-- Records for the task --
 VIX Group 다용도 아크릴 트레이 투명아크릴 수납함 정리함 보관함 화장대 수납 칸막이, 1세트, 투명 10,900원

* * *

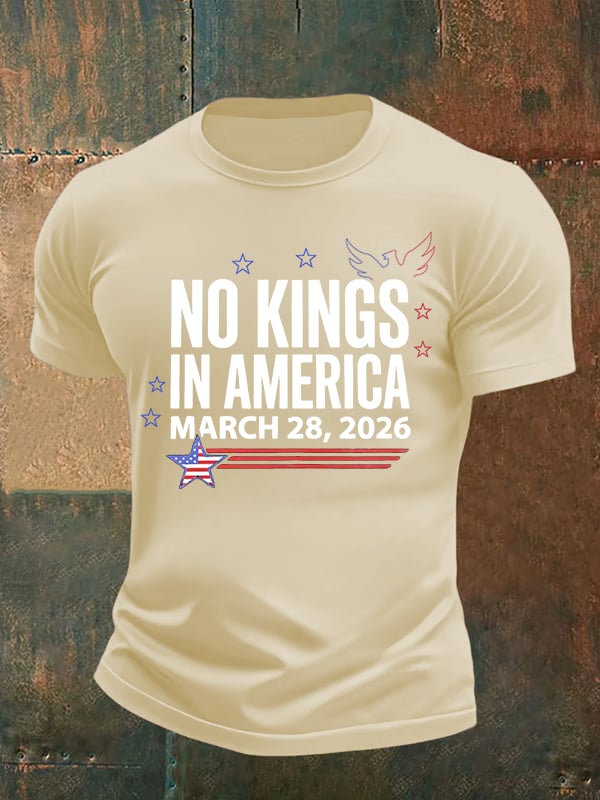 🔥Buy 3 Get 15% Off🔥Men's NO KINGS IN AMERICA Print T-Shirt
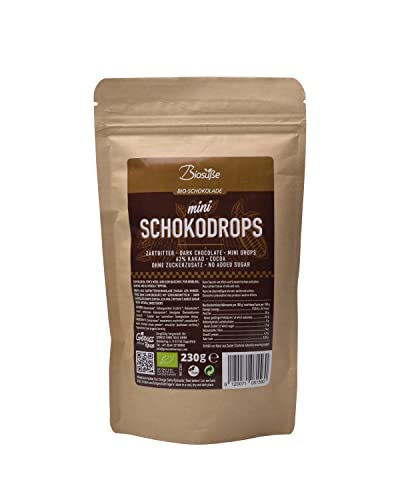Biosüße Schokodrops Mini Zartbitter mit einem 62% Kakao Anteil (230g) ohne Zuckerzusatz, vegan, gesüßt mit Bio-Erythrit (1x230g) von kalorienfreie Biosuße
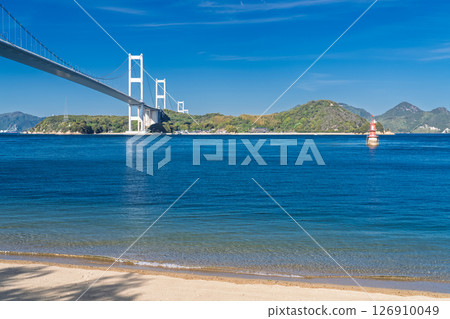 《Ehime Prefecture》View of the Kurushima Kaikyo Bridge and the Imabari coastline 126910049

-- Task to carry out --
Copy the lines above exactly, starting with the line that contains "AMERICA Print T-Shirt" and ending with the line that contains "Imabari coastline 126910049", and leave out any pictures.

-- Response to this exercise --
 🔥Buy 3 Get 15% Off🔥Men's NO KINGS IN AMERICA Print T-Shirt
Biosüße Schokodrops Mini Zartbitter mit einem 62% Kakao Anteil (230g) ohne Zuckerzusatz, vegan, gesüßt mit Bio-Erythrit (1x230g) von kalorienfreie Biosuße
 《Ehime Prefecture》View of the Kurushima Kaikyo Bridge and the Imabari coastline 126910049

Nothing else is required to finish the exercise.